ABOVE the entrance of a church I know well hangs a notice that says ‘You are now entering a place of worship’. Nothing unusual about that, you might think, except that the notice is on the inside of the door, not the outside.

Facing you as you walk out of the building is a reminder that worship happens outside the church as much as inside it. ‘O worship the Lord in the beauty of holiness’, says one of the Psalms, but it continues: ‘let the whole earth stand in awe of him’. The praise of God is a duty and joy in all places and at all times.

This is more easily said than done. How do you worship God in the hospital waiting room, anxiously waiting for tests? How do you worship God in the car, stuck in traffic and late for an appointment? How do you worship God when doing the things you least enjoy: homework, the tax return, the washing up?

God is with us in each of these places and at each of these tasks, but most of the time we are reluctant to make him welcome.

The problem lies with us and not with God. Sister Wendy Beckett says that ‘the real difficulty with prayer is that it has no difficulty’: ‘Prayer is God's taking possession of us.
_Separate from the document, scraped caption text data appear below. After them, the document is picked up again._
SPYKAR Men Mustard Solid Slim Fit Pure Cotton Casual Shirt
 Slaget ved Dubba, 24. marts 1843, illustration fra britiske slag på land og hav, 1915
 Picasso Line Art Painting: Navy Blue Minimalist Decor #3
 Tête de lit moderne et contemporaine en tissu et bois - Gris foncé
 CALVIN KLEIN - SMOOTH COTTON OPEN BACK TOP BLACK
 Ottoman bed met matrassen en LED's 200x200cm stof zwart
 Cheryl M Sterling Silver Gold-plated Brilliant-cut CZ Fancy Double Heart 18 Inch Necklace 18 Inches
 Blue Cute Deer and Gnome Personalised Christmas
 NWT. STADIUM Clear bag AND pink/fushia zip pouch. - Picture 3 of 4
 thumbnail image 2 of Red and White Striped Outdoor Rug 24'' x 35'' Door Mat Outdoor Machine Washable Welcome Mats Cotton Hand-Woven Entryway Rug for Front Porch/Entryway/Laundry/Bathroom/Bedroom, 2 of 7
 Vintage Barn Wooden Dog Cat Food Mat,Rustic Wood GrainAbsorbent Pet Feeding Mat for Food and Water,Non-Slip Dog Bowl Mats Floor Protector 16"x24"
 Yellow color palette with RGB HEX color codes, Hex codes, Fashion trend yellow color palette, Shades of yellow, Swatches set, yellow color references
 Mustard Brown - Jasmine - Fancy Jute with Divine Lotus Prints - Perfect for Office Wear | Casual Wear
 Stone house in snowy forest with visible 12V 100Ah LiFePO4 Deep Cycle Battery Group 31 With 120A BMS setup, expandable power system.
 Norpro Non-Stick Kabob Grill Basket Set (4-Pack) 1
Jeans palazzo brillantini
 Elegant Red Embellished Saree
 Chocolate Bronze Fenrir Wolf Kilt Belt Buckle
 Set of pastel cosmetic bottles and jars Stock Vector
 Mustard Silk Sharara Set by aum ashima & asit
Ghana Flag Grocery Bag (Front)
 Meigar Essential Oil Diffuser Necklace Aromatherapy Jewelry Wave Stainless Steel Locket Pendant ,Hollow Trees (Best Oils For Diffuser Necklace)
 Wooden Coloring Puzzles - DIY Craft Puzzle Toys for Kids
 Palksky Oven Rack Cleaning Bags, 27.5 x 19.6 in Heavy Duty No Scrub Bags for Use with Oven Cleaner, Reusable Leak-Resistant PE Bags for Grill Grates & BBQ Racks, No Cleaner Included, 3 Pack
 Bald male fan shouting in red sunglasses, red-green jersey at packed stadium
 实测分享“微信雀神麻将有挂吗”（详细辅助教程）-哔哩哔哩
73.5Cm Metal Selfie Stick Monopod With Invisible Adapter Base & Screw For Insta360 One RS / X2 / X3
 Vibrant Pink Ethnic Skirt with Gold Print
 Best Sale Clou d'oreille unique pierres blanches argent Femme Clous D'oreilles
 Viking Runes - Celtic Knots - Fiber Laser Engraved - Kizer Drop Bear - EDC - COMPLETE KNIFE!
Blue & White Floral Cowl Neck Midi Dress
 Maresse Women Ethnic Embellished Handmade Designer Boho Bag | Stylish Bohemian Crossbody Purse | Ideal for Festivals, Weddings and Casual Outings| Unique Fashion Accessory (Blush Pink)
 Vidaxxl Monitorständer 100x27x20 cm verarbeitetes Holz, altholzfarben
We expose to him what we are, and he gazes on us with the creative eye of Holy Love.

God's gaze is transforming: God does not leave us in our poverty, but draws into being all we are meant to become’.

It’s tempting to think that we can only worship God when we are ready, spruced up in our Sunday best. But God knows us better than that: in fact God knows us better than we know ourselves. So when we pray the best policy is openness and honesty: whoever we are, wherever we are, whatever we are doing.

Those of us who are lucky enough to live in comfortable houses know that we live from our homes as much as we live in them. Homes are places of security to which we can retreat, but they are also places of strength that make our lives richer, fuller and friendlier.

Churches and other religious buildings are the same. They are not holy hideaways, where we tuck ourselves away for the odd special moment with God. They are places of spacious beauty that teach us to look out for God always and everywhere.

As we leave them, our hearts are tuned to the frequency of worship, so that in the words of a Cumbrian poet: ‘In the preoccupations of day by day We shall find grace and a glint of glory, And blossom yearly like the damsons’ (Norman Nicholson, The Old Man of the Mountains).